→ **GOAL OF THE EXERCISE**
Among the entries below, only the lines starting at the one with "Cosmic Balance" and ending at the one with "IPL 2025 , Jasprit Bumrah , Mayank Yadav", both included, are to be printed exactly.

(Brief descriptive captions)
****

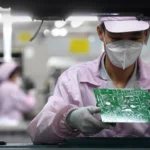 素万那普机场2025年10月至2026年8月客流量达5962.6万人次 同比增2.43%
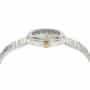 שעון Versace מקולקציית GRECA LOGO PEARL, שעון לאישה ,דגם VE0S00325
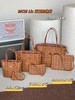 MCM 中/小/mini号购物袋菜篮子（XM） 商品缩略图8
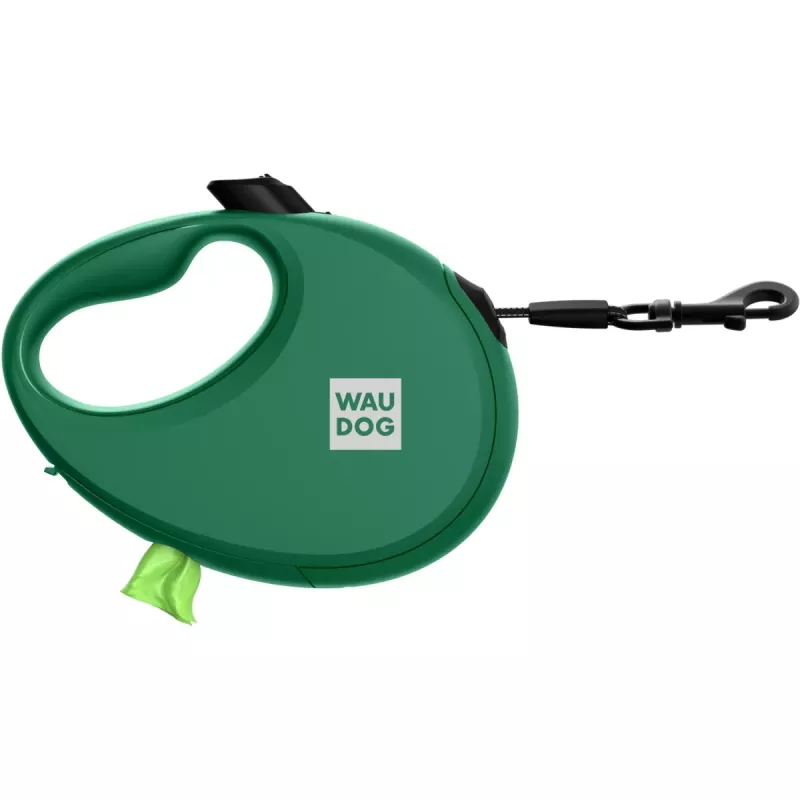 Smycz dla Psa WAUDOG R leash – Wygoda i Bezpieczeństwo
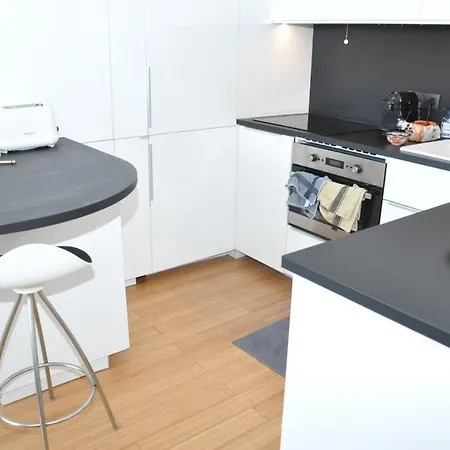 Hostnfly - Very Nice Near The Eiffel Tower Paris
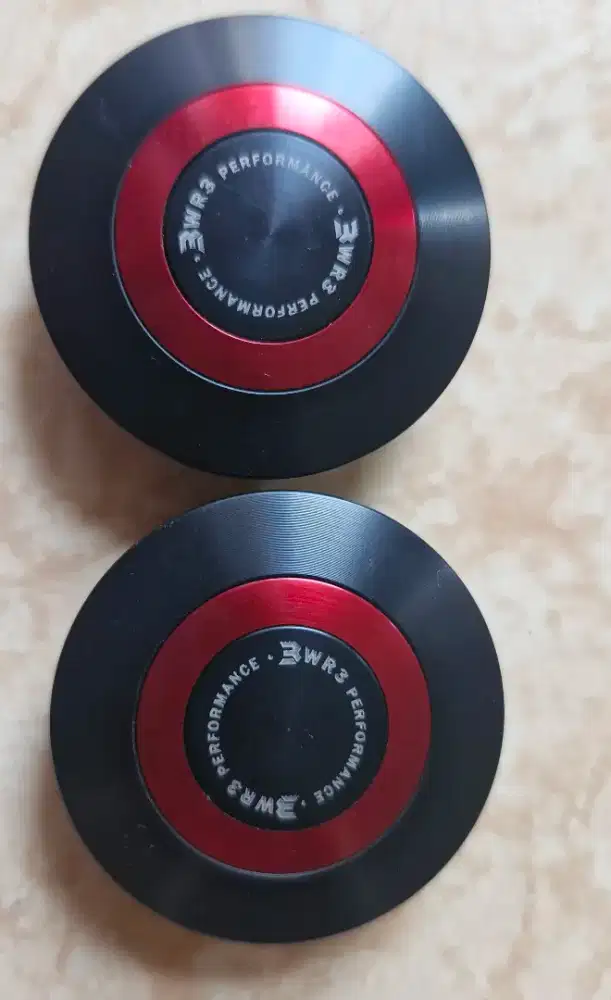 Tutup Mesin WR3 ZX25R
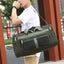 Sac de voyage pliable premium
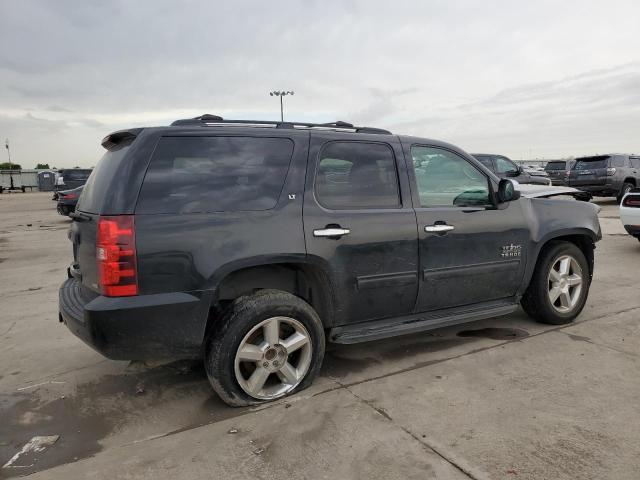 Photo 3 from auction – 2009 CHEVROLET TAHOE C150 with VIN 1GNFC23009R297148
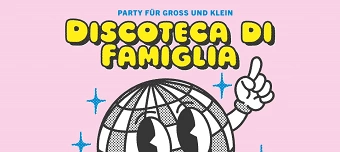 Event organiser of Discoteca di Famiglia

****

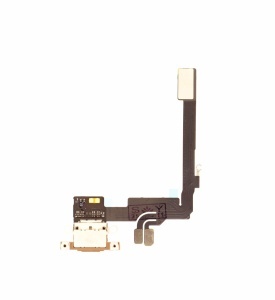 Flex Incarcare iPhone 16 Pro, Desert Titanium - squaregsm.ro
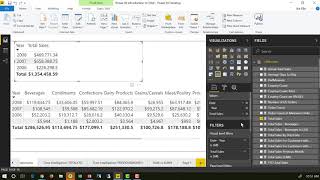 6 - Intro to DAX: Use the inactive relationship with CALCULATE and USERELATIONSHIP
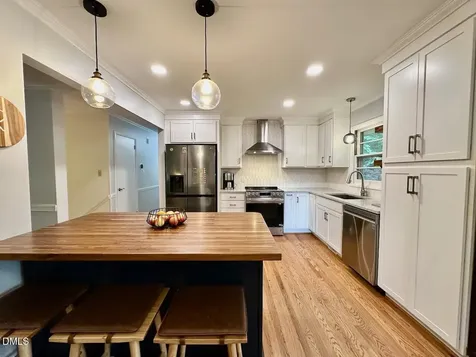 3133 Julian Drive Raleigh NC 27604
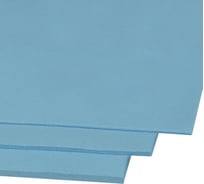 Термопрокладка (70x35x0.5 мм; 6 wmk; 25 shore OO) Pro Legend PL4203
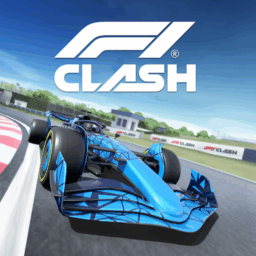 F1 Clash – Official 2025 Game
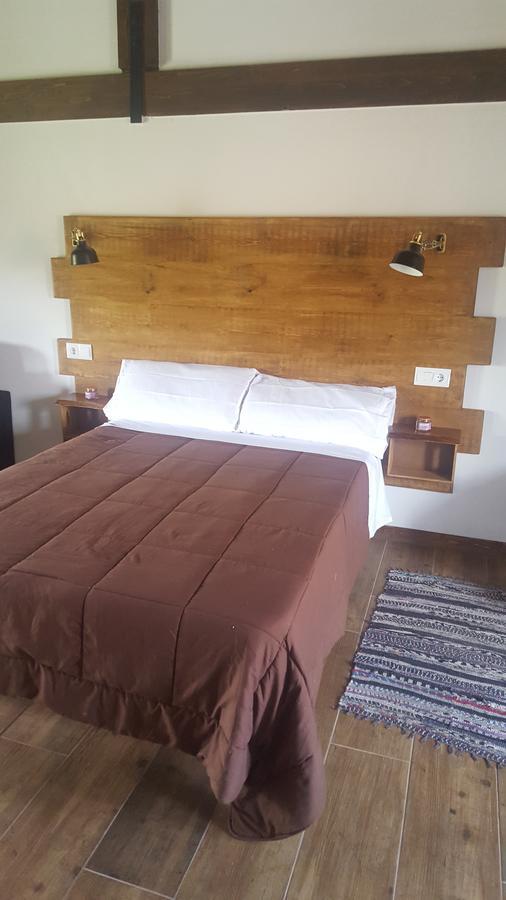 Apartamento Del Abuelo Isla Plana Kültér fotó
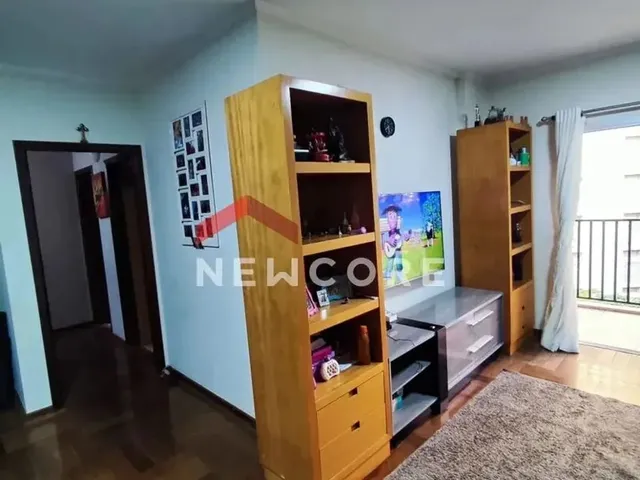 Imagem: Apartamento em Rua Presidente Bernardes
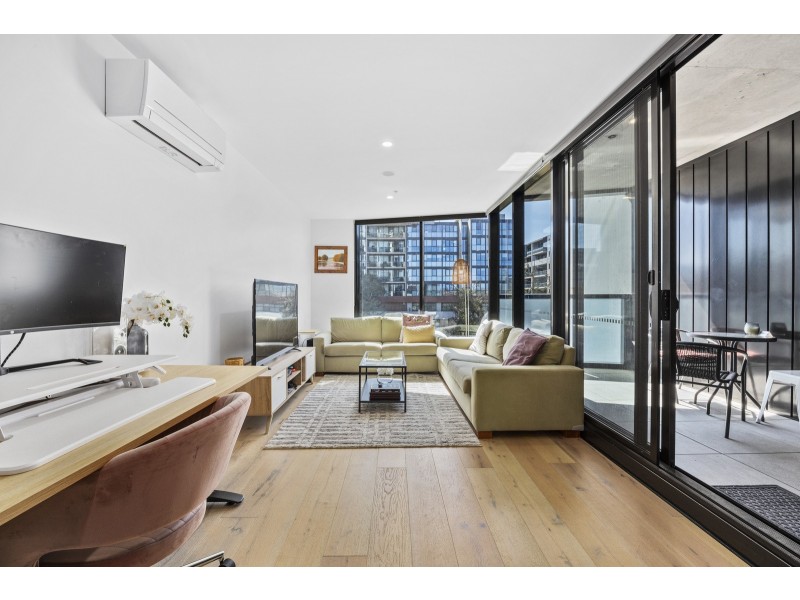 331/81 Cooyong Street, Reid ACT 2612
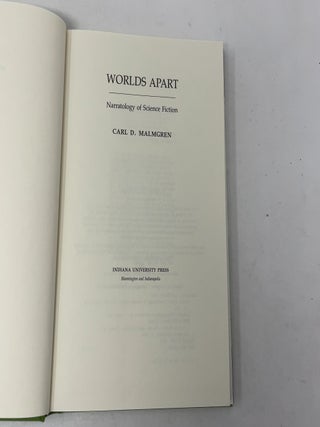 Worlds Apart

****

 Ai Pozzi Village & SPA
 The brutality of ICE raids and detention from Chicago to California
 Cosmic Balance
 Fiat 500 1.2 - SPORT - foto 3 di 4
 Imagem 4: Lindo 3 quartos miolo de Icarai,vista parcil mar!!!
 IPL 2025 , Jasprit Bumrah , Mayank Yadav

****

→ **EXERCISE OUTPUT**
 Cosmic Balance
 Fiat 500 1.2 - SPORT - foto 3 di 4
 Imagem 4: Lindo 3 quartos miolo de Icarai,vista parcil mar!!!
 IPL 2025 , Jasprit Bumrah , Mayank Yadav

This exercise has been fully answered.